İnsan, kendi düşüncelerine ve benliğine tutkulu bir mahlûkattır. Hepimizde vardır bu narsis yapı. Bu nedenle ruhsal çalışmanın özünde ilkin kendimize ve fikirlerimize ne kadar önem verdiğimizi, kendimizi ne kadar beğendiğimizi, üstün bulduğumuzu ve masumiyetin maskesini takarak ne denli yargılayıcı ve aşağılayıcı bir zihin yapısına sahip olduğumuzu anlamalıyız. Bunu anlamak için gizlide saklıda kalmış her şeyin su üstüne çıkması gerekir. İsa bunu kursda fevkalade net ve kesin bir şekilde başarıyor.

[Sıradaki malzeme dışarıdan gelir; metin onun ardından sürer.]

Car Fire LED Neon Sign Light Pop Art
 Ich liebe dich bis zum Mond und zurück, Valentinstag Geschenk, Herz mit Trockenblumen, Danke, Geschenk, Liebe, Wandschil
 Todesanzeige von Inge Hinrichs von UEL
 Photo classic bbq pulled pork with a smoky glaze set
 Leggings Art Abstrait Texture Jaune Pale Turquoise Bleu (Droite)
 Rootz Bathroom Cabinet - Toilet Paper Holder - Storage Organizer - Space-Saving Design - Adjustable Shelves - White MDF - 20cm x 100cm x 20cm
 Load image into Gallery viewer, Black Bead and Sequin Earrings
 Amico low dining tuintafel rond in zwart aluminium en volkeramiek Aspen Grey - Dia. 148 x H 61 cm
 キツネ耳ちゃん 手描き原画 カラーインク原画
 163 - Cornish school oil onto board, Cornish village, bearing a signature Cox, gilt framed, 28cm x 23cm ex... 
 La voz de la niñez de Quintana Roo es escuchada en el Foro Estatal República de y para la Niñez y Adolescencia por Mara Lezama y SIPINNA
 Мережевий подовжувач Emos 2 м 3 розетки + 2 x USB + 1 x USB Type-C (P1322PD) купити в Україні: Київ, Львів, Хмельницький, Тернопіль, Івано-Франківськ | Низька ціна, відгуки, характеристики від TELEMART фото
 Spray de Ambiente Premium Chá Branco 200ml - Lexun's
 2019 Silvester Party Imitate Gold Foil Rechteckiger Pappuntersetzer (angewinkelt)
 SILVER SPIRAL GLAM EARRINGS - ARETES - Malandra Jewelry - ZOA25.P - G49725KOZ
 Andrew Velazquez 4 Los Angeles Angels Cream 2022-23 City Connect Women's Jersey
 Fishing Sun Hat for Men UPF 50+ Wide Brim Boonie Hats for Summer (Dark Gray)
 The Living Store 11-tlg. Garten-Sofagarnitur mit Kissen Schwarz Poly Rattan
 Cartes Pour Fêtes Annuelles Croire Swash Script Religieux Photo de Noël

Ardından, tüm o yüce fikirlerimizden, bakış açımızdan, kendimizi özdeştirdiğimiz özelliklerden ve bizi değerli yaptığını sandığımız ayrıcalıklarımızdan vazgeçmeliyiz. Bunun zor olduğunu anlatmam gerekmez. Herkes az çok bunun deneyimini yapıyor. “Ben” denilen şey o kadar köklü ki zihinde, koparmakla bitmiyor. Çoğumuz hatta o ben’i ruhsallaştırıp aydınlandığını sanarak egonun teknesinde yol almaya devam etmekte. Çoğu koçlar, öğretmenler ve rehberler o tuzağın içinde debelleşip duruyor günümüzde. Egonun en içteki özü narsisizmdir. Bunu bilmekte fayda var. Deneyim yoluyla benliğin saçmalığını, kibrini, küstahlığını ve kendini beğenmişliğini keşfedenler bir an önce ben’den kurtulmak için yalnızlığa, sessizliğe ve derslere sarılıyor. Kursu uygulamak zor bir dönem olsa da gayretli olmanın getirisi muhteşemdir. Yolda epey ilerleyenler ulvi Sevginin kaynağının tadını almaya başlarlar. İbadet o zaman gerçek bir anlam kazanır. Her şeyimizi, her düşüncemizi ve amacımızı Kutsal Sevgiye teslim etmekle beraber bizleri dünyaya bağlayan iplerin kopuşuna tanık oluruz. Bağlarımızın koptuğu yerde özgürlük yeşerir. Narsis bir ben yerine seven bir BEN büyümeye başlar, özgür ve Tanrı’nın İradesini paylaşan bir BEN.
Aydınlanma yolu inkâr yolu değildir; bir vazgeçiş ve bağımsızlık yoludur. İnkâr egonun kalesidir, dünyaya karşı bağımsızlık ise Kutsal Ruh’un.